** Your task **
Nothing but the lines from the one containing "Villa - 273 m² - 6 pièces" through the end of the entries below should appear in your answer, transcribed exactly; please drop the pictures.

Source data
|---|

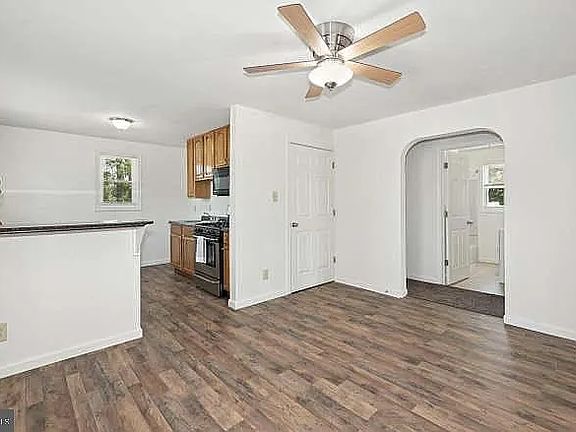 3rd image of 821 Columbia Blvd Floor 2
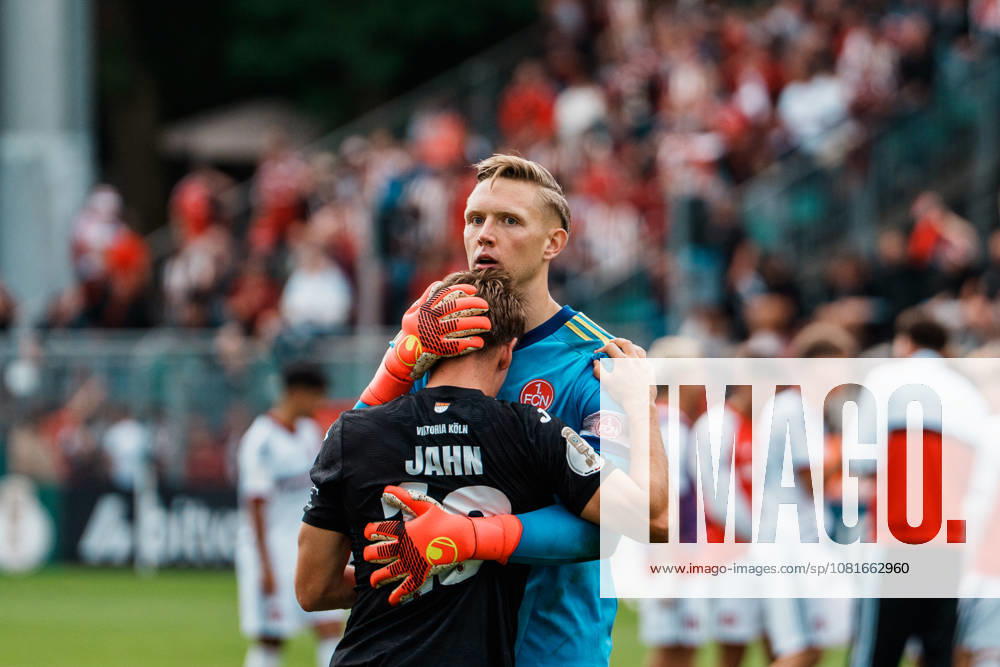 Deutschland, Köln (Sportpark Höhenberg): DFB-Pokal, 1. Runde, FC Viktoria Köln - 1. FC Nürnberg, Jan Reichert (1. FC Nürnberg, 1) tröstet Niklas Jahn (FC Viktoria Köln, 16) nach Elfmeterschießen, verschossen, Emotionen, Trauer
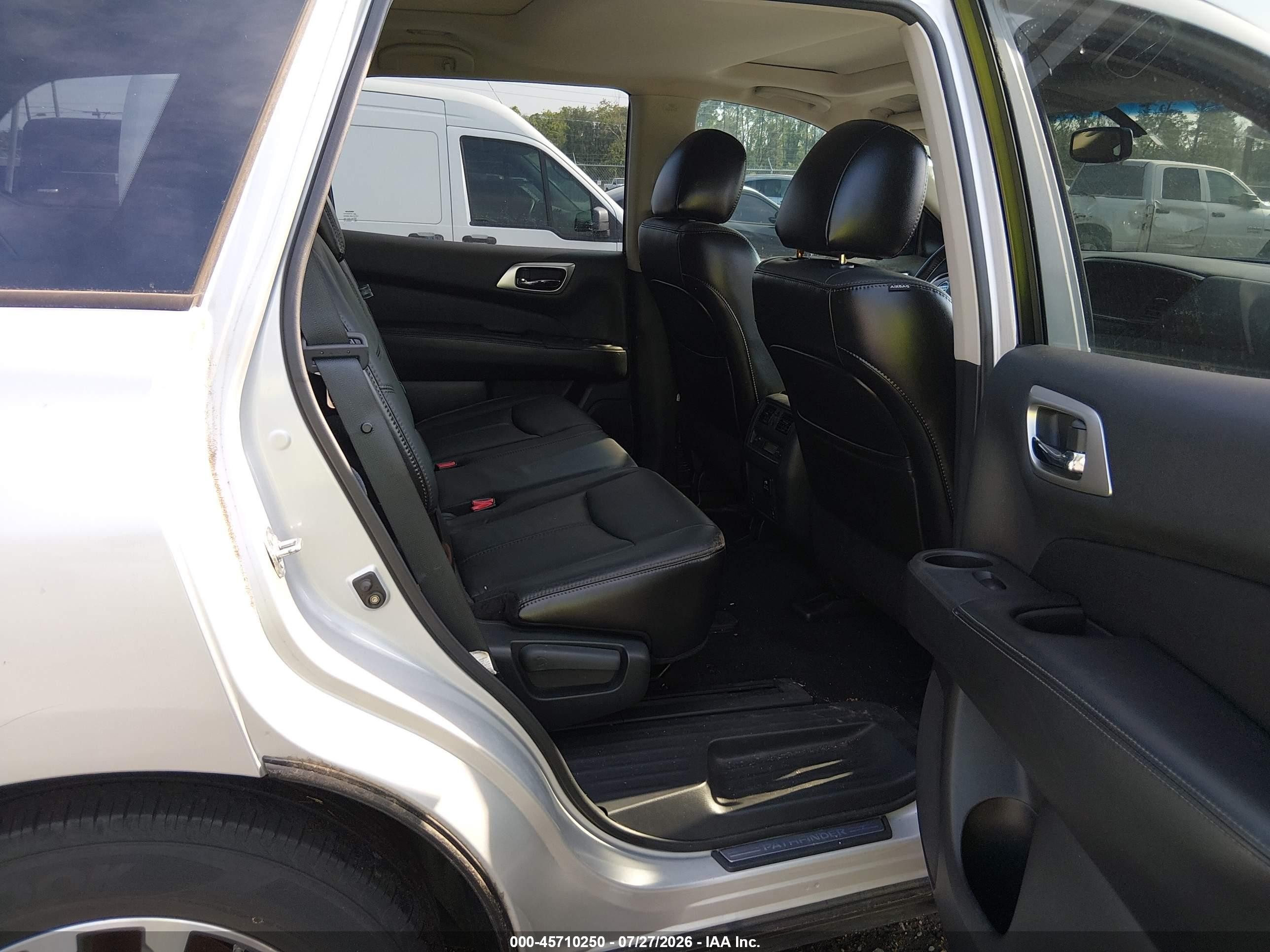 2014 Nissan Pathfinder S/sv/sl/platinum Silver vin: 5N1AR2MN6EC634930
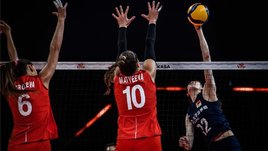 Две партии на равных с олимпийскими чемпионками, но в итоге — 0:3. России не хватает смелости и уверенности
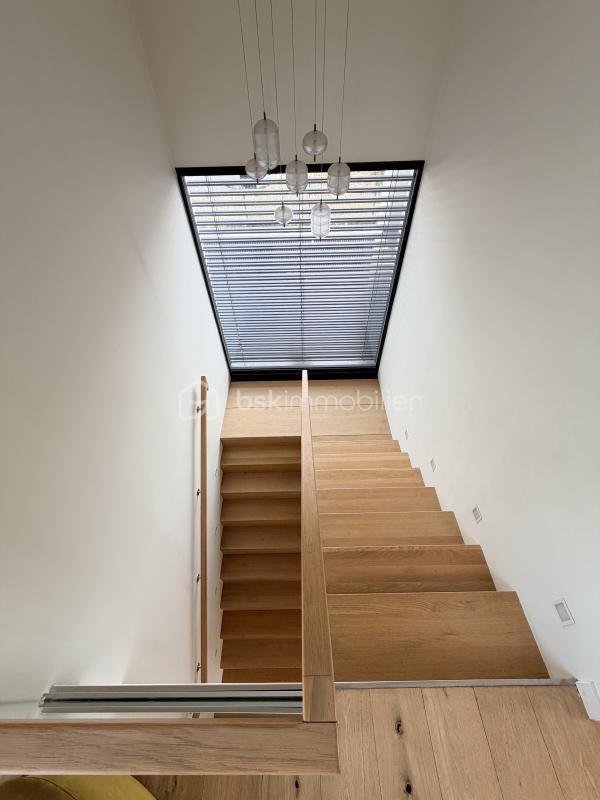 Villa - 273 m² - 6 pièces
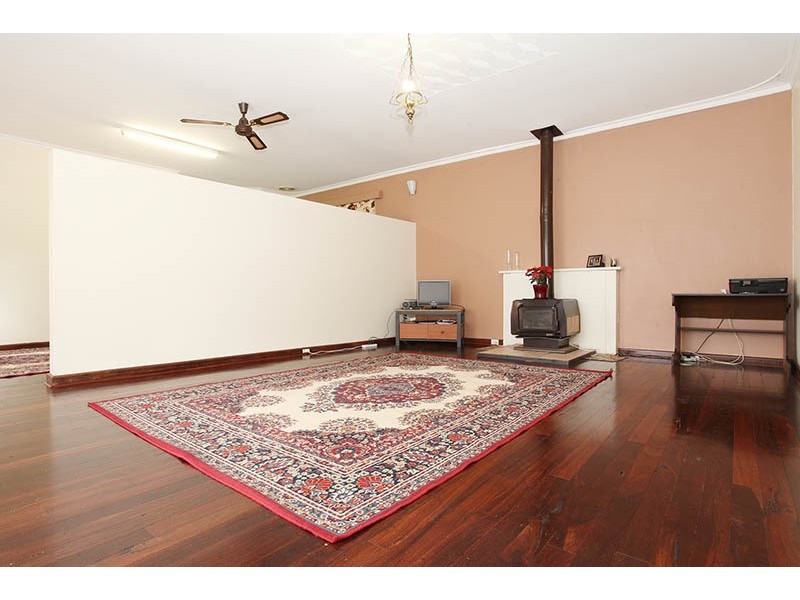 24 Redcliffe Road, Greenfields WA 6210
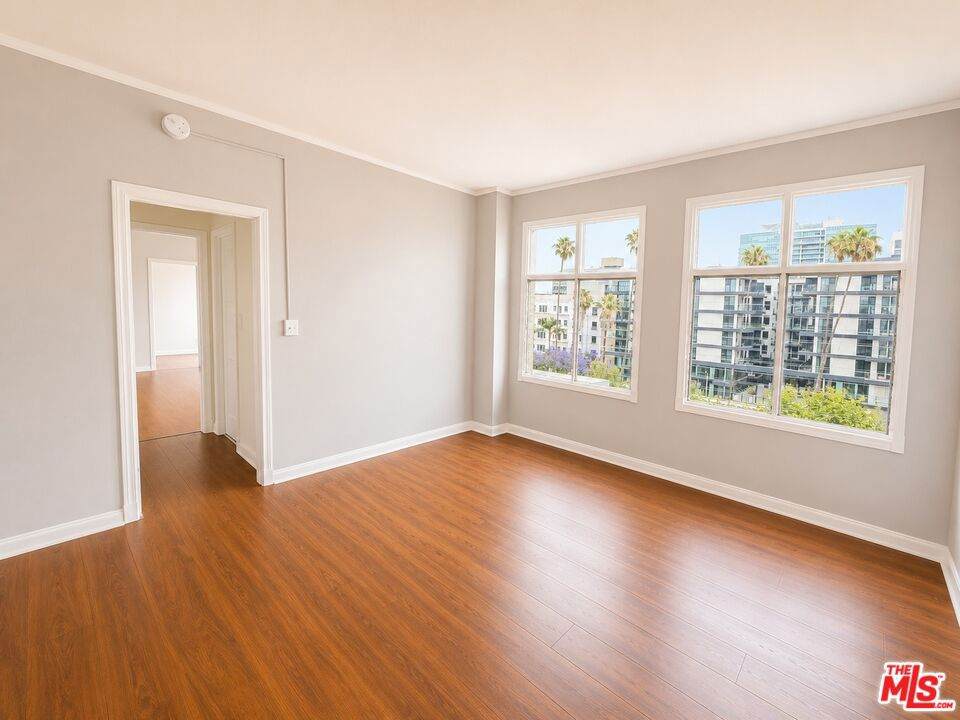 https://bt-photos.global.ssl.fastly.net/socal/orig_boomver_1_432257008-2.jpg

|---|

** Exercise result **
 Villa - 273 m² - 6 pièces
 24 Redcliffe Road, Greenfields WA 6210
 https://bt-photos.global.ssl.fastly.net/socal/orig_boomver_1_432257008-2.jpg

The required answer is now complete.